St. Petersburg Mayor Rick Kriseman is on a spending binge. Spending on two signature projects, a new police headquarters and a new Pier, have mushroomed. The city needs a new police station, and it has had a Pier for generations. But the prices have grown more than 70 percent since inception, now hovering around $80 million apiece. At City Hall, cost is of no concern when building legacy landmarks.
5 Months Ago
6 Months Ago
8 Months Ago
Police headquarters and shooting range
How $50 million became $85 million
2009: $50 million
That was the initial estimate to replace the department's aging, cramped headquarters.
2011: $32 million
A slumping economy forces city leaders to plan a smaller station while refurbishing the existing headquarters.
Then-Mayor Bill Foster scraps the whole project, citing money woes.
2015: $70 million
The economy rebounds, and new Mayor Rick Kriseman adds $20 million in Penny for Pinellas sales tax money to the original $50 million projection.
2016: $81 million
Soaring construction costs drive up the price tag.
2017: $85 million
The price jumps another $4 million to pay for additional parking spaces and energy efficiency features.

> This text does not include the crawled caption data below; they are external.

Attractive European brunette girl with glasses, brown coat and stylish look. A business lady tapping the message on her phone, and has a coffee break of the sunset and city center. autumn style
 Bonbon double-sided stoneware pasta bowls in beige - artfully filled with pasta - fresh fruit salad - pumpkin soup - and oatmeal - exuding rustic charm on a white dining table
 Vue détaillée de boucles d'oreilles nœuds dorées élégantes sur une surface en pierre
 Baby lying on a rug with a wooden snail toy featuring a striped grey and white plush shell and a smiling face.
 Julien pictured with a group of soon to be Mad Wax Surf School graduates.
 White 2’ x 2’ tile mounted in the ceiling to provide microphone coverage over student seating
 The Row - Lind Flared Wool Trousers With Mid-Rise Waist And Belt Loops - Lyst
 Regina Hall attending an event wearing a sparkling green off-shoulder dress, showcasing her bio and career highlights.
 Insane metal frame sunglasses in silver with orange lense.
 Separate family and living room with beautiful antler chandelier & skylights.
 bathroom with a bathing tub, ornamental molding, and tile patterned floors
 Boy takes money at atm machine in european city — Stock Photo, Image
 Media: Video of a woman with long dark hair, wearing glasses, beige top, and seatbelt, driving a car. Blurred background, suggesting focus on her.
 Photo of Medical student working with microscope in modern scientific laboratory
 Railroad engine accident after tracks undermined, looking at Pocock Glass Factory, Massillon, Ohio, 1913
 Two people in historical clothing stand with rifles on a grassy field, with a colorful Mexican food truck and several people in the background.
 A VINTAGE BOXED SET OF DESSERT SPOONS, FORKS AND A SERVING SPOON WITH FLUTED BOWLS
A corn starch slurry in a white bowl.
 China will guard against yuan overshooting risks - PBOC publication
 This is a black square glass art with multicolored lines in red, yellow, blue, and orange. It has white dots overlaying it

The final product will be a 167,500-square-foot station at 1301 First Ave. N that can withstand a Category 4 hurricane. Plans also call for a secure parking garage next door and a new shooting range and training complex in Woodlawn Park. Construction could start this spring.
The new Pier
How $46 million became $80 million
2013: $46 million
Of the original $50 million budget, $4 million was spent on the Lens, which voters rejected in a referendum.
2013: $66 million: A month after City Council members approved a new design, known as Pier Park, Kriseman proposes another $20 million for features linking the Pier to downtown.
2016: $80 million: After escalating costs force some Pier features to be removed, Kriseman wants to add $14 million in "enhancements" to make the Pier better, using funds freed up from a failed transit referendum.
If approved, the enhancements would include:
$3.4 million: Water recreation zone including floating docks, flight deck and kayak barn
$1.6 million: expanded pavilion with cafe, more shade and restrooms
$1.3 million: playground and splash pad enhancements
$2.6 million: "destination differentiators," described as a signature art element, market stalls and a signature recreational element
$1.68 million: movable fixtures and equipment such as outdoor furnishings, bike racks and a sound stage and lighting;
The new Pier would be a four-level structure over the water facing downtown with a restaurant. The entire 26-acre district would feature a lawn that hosts concerts, educational areas, a "coastal thicket" of native plants, a welcome center plaza with a covered tram stop, playground and splash pad, fishing areas and kayak rentals and a second restaurant near the marina.